━━ THE INPUT ━━
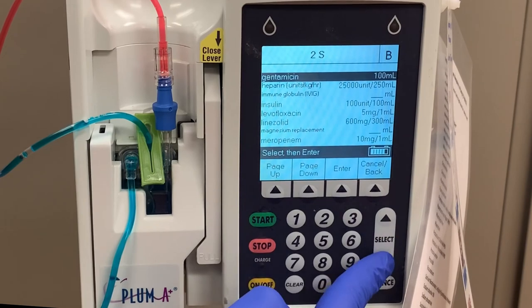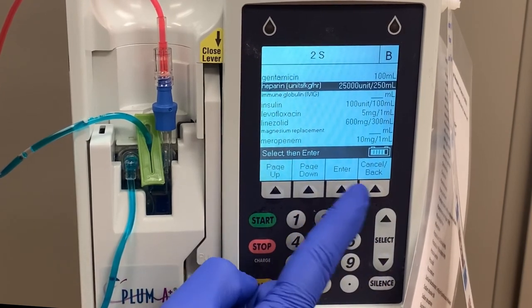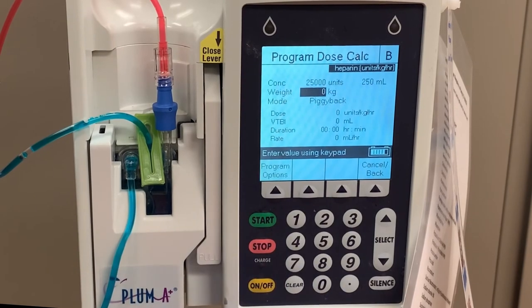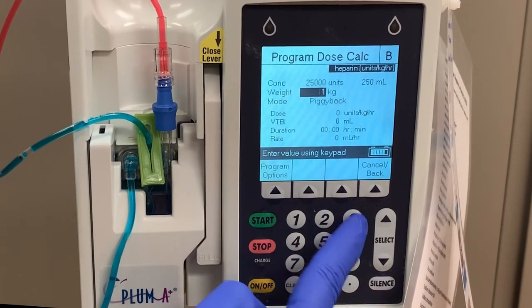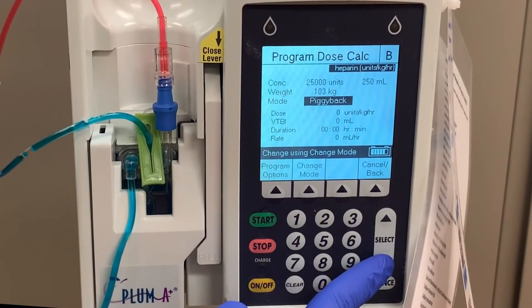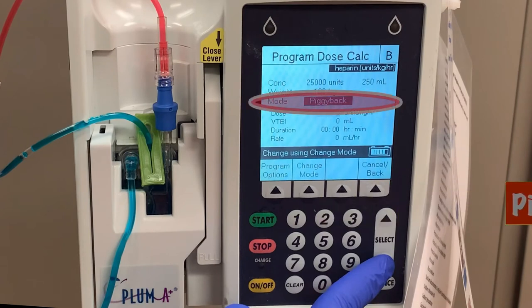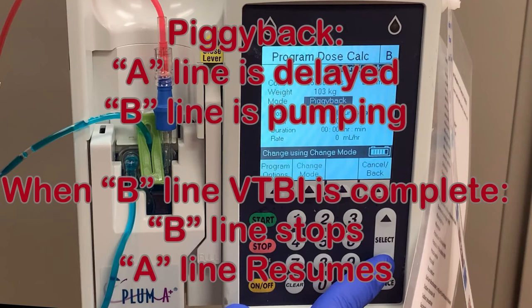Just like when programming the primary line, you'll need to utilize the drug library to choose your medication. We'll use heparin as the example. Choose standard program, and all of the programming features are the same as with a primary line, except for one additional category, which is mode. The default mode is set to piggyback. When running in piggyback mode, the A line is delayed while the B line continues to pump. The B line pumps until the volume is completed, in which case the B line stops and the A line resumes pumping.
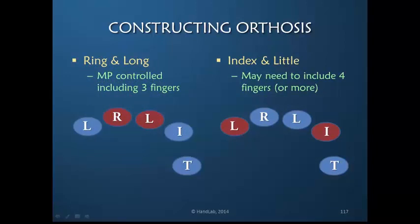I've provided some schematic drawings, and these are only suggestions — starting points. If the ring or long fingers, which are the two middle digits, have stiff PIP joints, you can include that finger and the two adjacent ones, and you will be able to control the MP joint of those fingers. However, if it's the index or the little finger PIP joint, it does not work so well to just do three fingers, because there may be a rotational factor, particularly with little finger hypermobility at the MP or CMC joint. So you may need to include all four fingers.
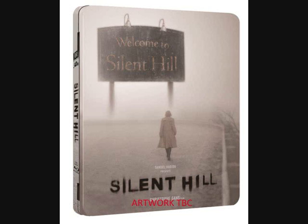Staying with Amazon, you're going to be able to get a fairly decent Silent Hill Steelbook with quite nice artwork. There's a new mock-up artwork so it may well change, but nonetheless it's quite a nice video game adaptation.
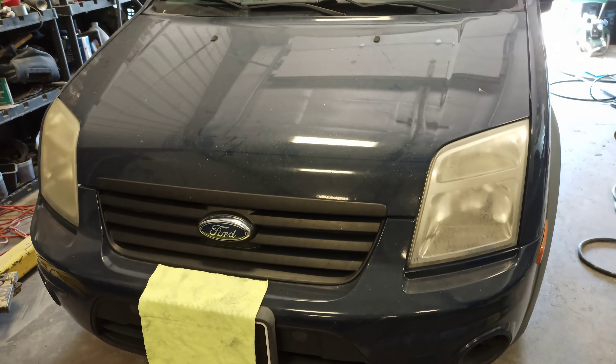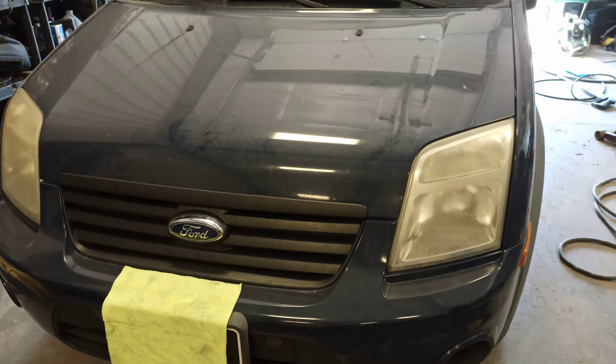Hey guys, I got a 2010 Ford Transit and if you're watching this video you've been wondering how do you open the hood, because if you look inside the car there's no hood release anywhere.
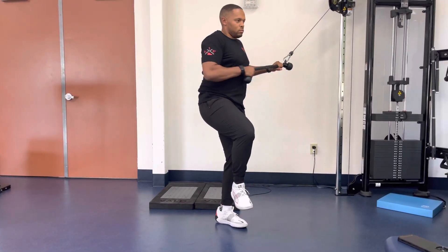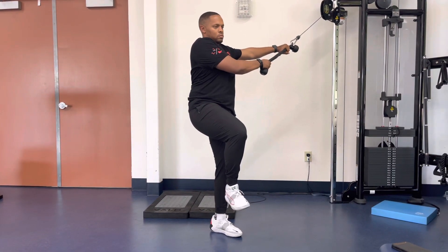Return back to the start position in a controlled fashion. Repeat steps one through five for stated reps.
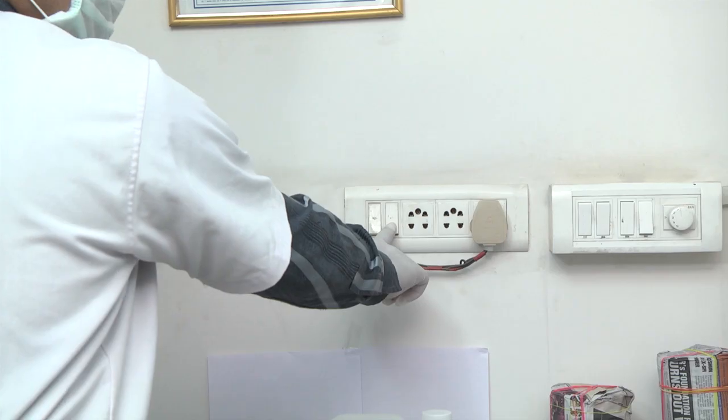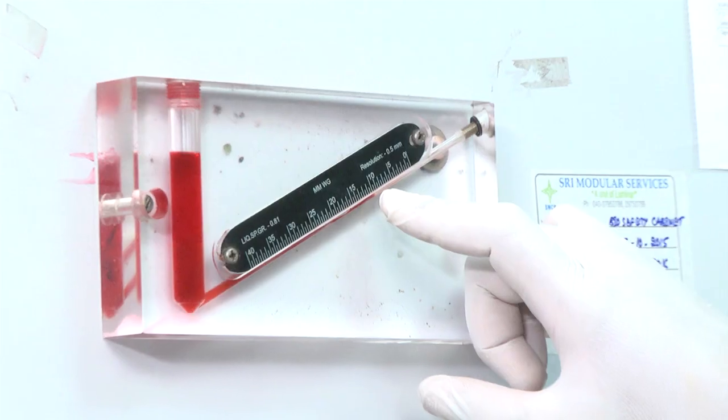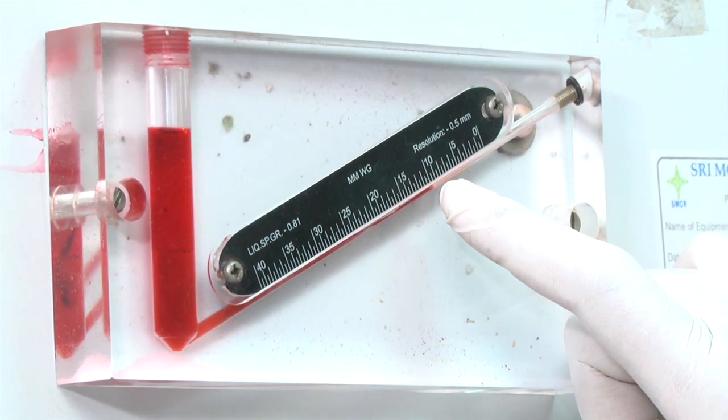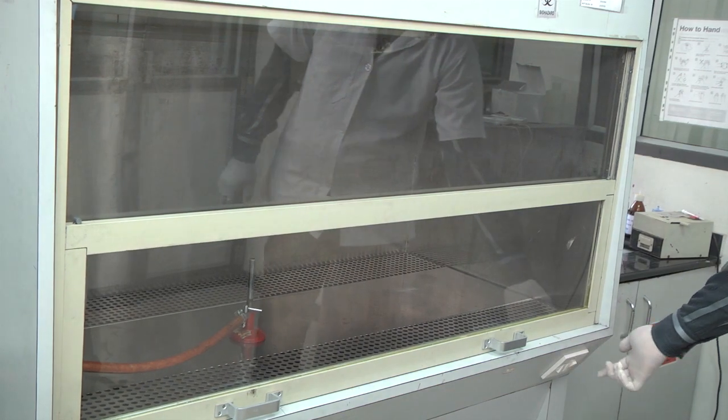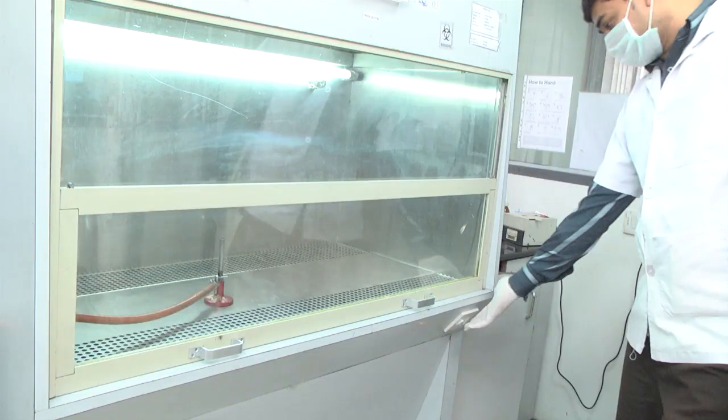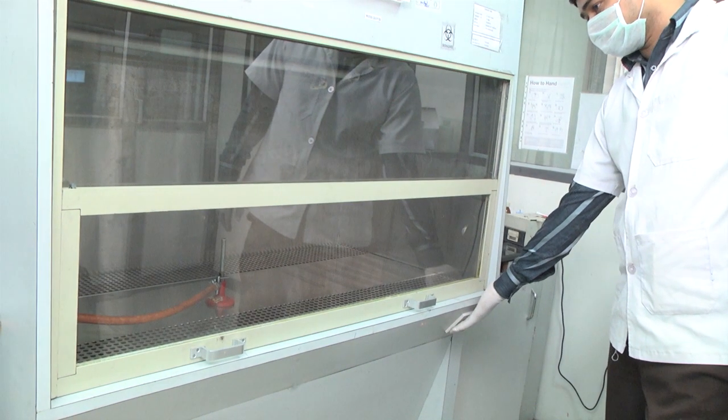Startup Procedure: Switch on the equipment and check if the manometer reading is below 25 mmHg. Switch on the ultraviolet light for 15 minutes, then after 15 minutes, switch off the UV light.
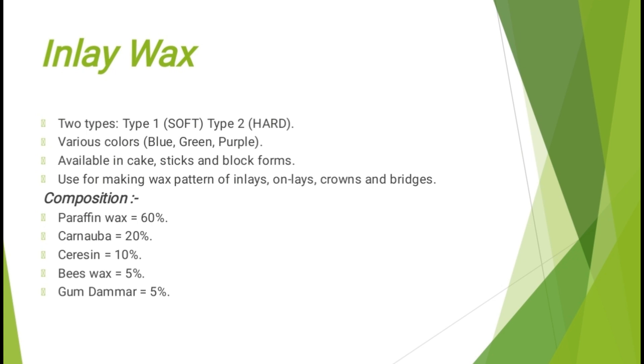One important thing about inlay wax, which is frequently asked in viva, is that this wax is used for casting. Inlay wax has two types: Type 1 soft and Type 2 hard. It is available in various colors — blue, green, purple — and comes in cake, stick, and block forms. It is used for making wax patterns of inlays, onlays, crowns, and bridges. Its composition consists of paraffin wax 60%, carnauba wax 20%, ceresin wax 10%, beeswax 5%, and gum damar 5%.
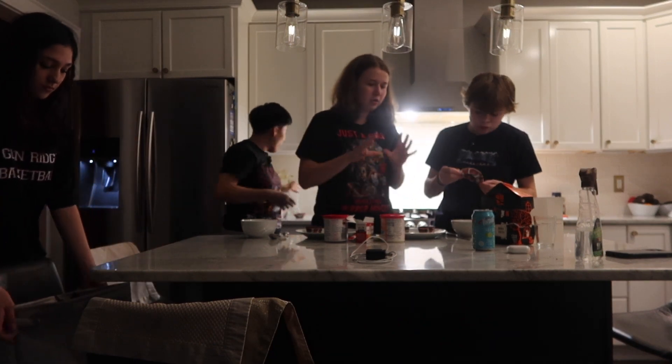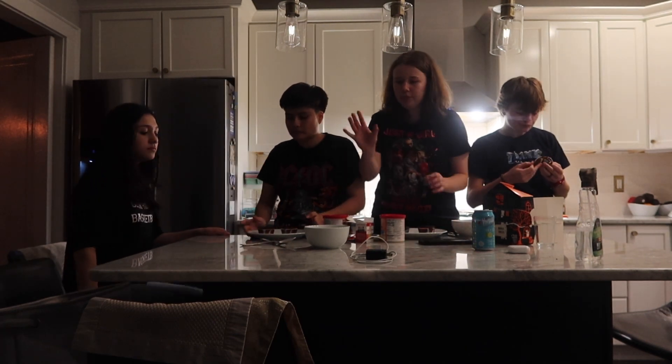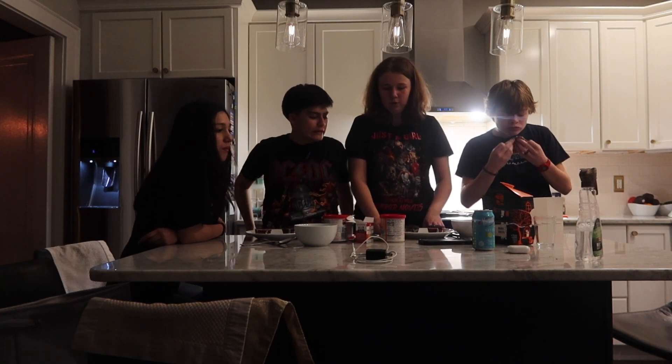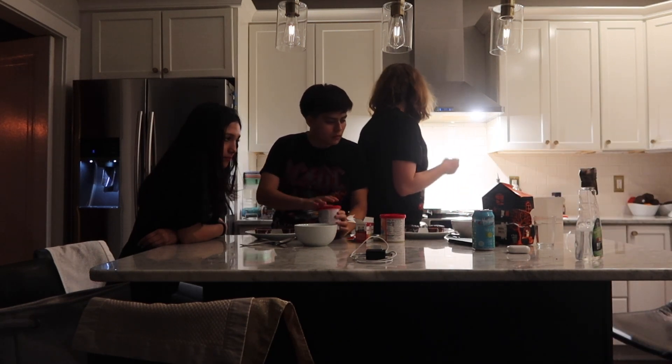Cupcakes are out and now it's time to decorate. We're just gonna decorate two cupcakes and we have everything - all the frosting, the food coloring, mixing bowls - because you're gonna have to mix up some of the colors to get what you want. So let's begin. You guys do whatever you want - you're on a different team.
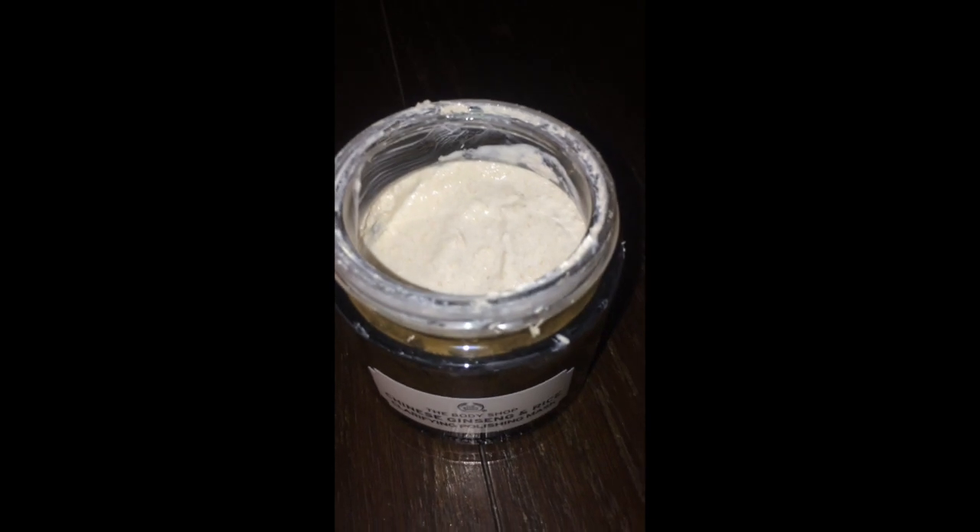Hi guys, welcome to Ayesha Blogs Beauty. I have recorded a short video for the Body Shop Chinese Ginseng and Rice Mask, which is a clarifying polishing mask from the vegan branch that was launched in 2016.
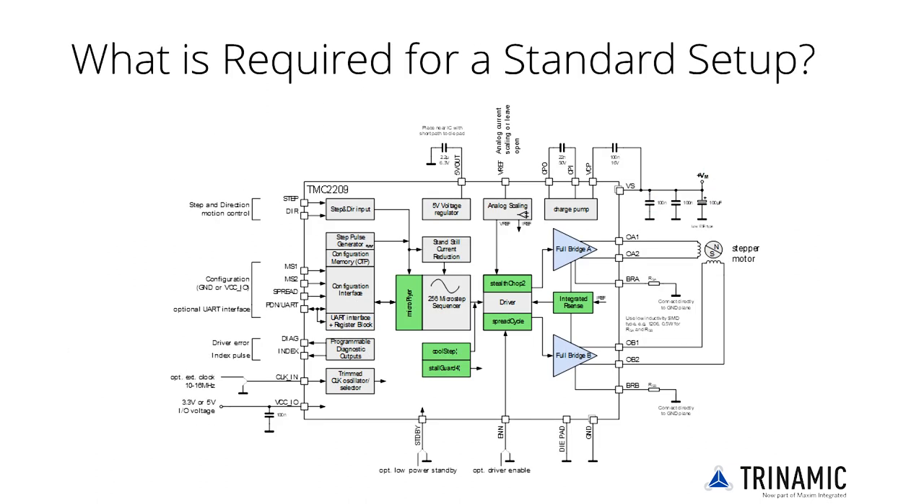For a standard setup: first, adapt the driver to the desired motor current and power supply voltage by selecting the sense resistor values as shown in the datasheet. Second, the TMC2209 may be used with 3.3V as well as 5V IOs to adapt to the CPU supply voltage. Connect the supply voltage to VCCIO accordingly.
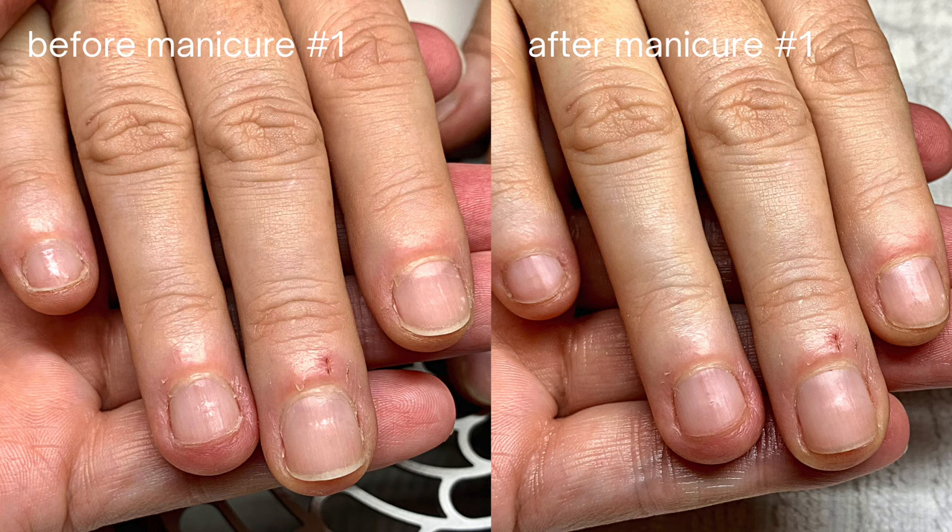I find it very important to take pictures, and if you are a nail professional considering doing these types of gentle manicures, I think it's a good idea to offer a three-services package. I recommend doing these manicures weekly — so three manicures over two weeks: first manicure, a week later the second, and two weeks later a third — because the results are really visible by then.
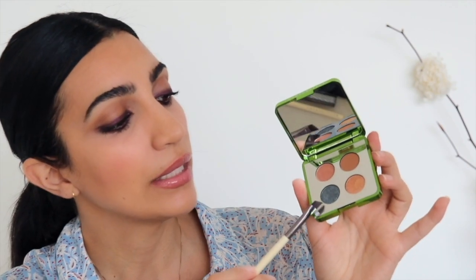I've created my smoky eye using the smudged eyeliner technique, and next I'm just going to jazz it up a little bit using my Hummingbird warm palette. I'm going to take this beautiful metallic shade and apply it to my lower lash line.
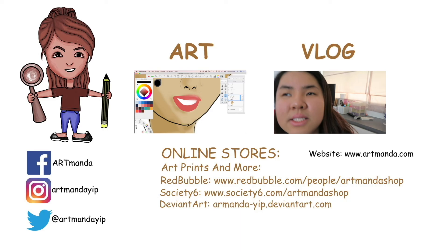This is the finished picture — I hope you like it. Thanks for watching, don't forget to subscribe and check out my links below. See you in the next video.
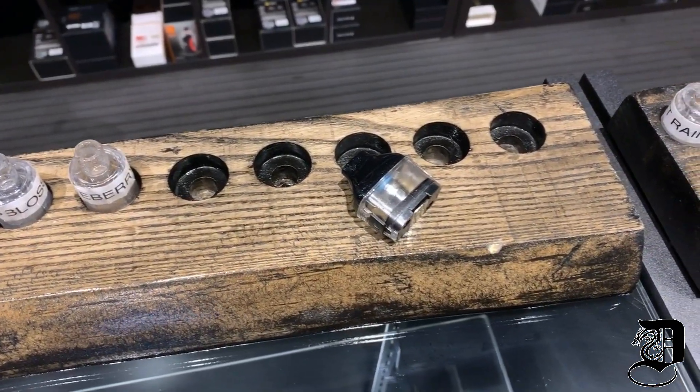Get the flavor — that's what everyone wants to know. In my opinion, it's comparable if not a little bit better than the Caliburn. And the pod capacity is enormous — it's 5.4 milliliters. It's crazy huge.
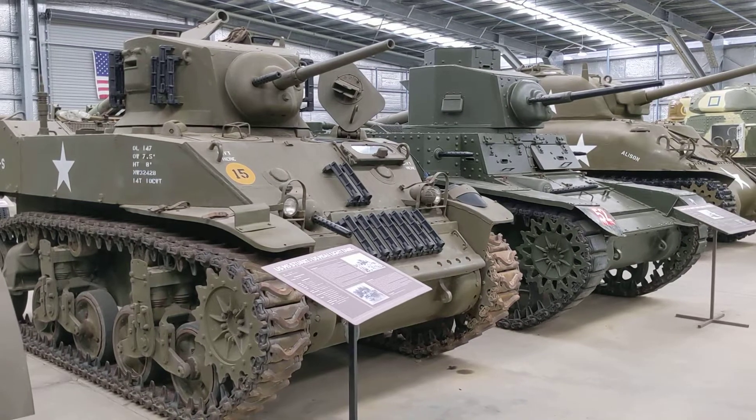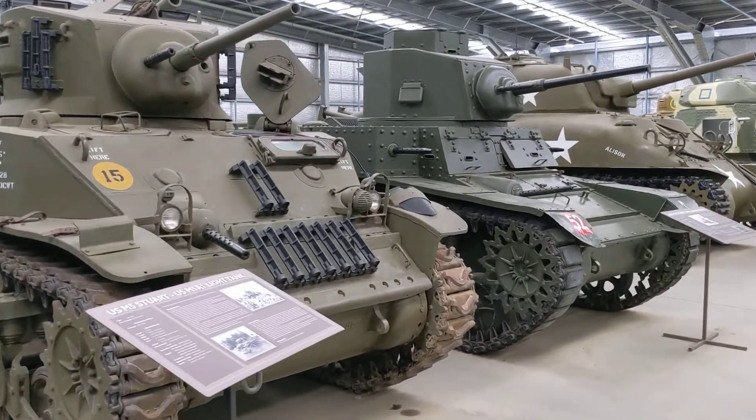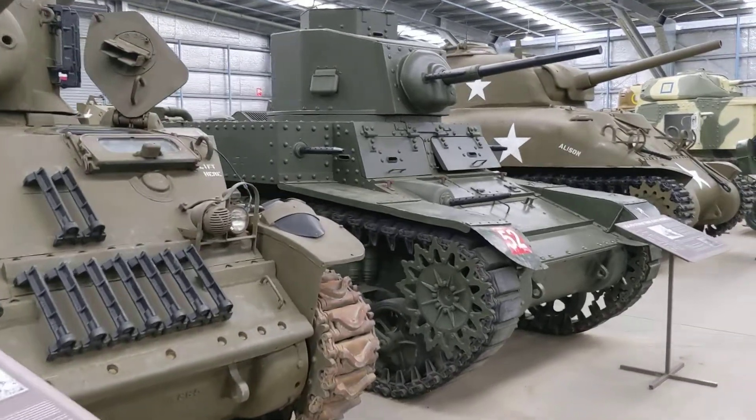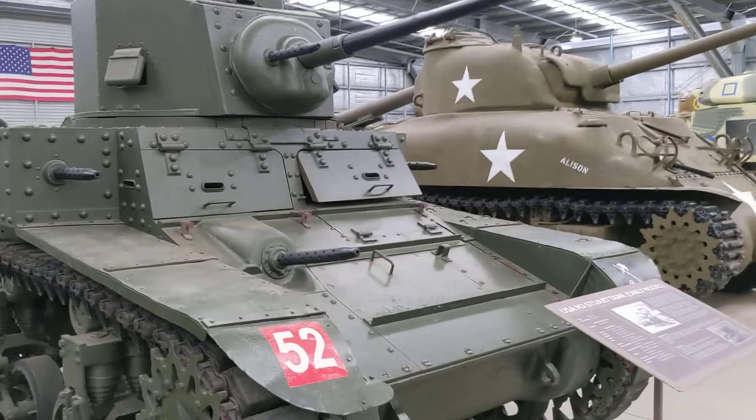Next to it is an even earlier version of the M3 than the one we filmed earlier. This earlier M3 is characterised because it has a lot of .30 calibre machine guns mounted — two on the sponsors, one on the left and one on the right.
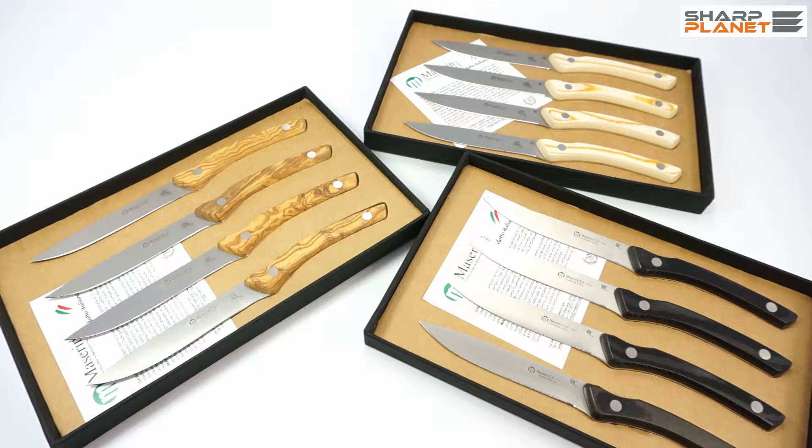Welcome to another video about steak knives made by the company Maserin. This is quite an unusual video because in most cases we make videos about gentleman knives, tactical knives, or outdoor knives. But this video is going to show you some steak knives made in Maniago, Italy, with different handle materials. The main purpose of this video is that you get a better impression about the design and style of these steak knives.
━━━
### PROBLEM DETAILS
What you return must match the records exactly, apart from the images, which are omitted.

### ANSWER
Just like when programming the primary line, you'll need to utilize the drug library to choose your medication. We'll use heparin as the example. Choose standard program, and all of the programming features are the same as with a primary line, except for one additional category, which is mode. The default mode is set to piggyback. When running in piggyback mode, the A line is delayed while the B line continues to pump. The B line pumps until the volume is completed, in which case the B line stops and the A line resumes pumping.
I've provided some schematic drawings, and these are only suggestions — starting points. If the ring or long fingers, which are the two middle digits, have stiff PIP joints, you can include that finger and the two adjacent ones, and you will be able to control the MP joint of those fingers. However, if it's the index or the little finger PIP joint, it does not work so well to just do three fingers, because there may be a rotational factor, particularly with little finger hypermobility at the MP or CMC joint. So you may need to include all four fingers.
Staying with Amazon, you're going to be able to get a fairly decent Silent Hill Steelbook with quite nice artwork. There's a new mock-up artwork so it may well change, but nonetheless it's quite a nice video game adaptation.
Hey guys, I got a 2010 Ford Transit and if you're watching this video you've been wondering how do you open the hood, because if you look inside the car there's no hood release anywhere.
Return back to the start position in a controlled fashion. Repeat steps one through five for stated reps.
Startup Procedure: Switch on the equipment and check if the manometer reading is below 25 mmHg. Switch on the ultraviolet light for 15 minutes, then after 15 minutes, switch off the UV light.
One important thing about inlay wax, which is frequently asked in viva, is that this wax is used for casting. Inlay wax has two types: Type 1 soft and Type 2 hard. It is available in various colors — blue, green, purple — and comes in cake, stick, and block forms. It is used for making wax patterns of inlays, onlays, crowns, and bridges. Its composition consists of paraffin wax 60%, carnauba wax 20%, ceresin wax 10%, beeswax 5%, and gum damar 5%.
Cupcakes are out and now it's time to decorate. We're just gonna decorate two cupcakes and we have everything - all the frosting, the food coloring, mixing bowls - because you're gonna have to mix up some of the colors to get what you want. So let's begin. You guys do whatever you want - you're on a different team.
Hi guys, welcome to Ayesha Blogs Beauty. I have recorded a short video for the Body Shop Chinese Ginseng and Rice Mask, which is a clarifying polishing mask from the vegan branch that was launched in 2016.
For a standard setup: first, adapt the driver to the desired motor current and power supply voltage by selecting the sense resistor values as shown in the datasheet. Second, the TMC2209 may be used with 3.3V as well as 5V IOs to adapt to the CPU supply voltage. Connect the supply voltage to VCCIO accordingly.
I find it very important to take pictures, and if you are a nail professional considering doing these types of gentle manicures, I think it's a good idea to offer a three-services package. I recommend doing these manicures weekly — so three manicures over two weeks: first manicure, a week later the second, and two weeks later a third — because the results are really visible by then.
I've created my smoky eye using the smudged eyeliner technique, and next I'm just going to jazz it up a little bit using my Hummingbird warm palette. I'm going to take this beautiful metallic shade and apply it to my lower lash line.
This is the finished picture — I hope you like it. Thanks for watching, don't forget to subscribe and check out my links below. See you in the next video.
Get the flavor — that's what everyone wants to know. In my opinion, it's comparable if not a little bit better than the Caliburn. And the pod capacity is enormous — it's 5.4 milliliters. It's crazy huge.
Next to it is an even earlier version of the M3 than the one we filmed earlier. This earlier M3 is characterised because it has a lot of .30 calibre machine guns mounted — two on the sponsors, one on the left and one on the right.
Welcome to another video about steak knives made by the company Maserin. This is quite an unusual video because in most cases we make videos about gentleman knives, tactical knives, or outdoor knives. But this video is going to show you some steak knives made in Maniago, Italy, with different handle materials. The main purpose of this video is that you get a better impression about the design and style of these steak knives.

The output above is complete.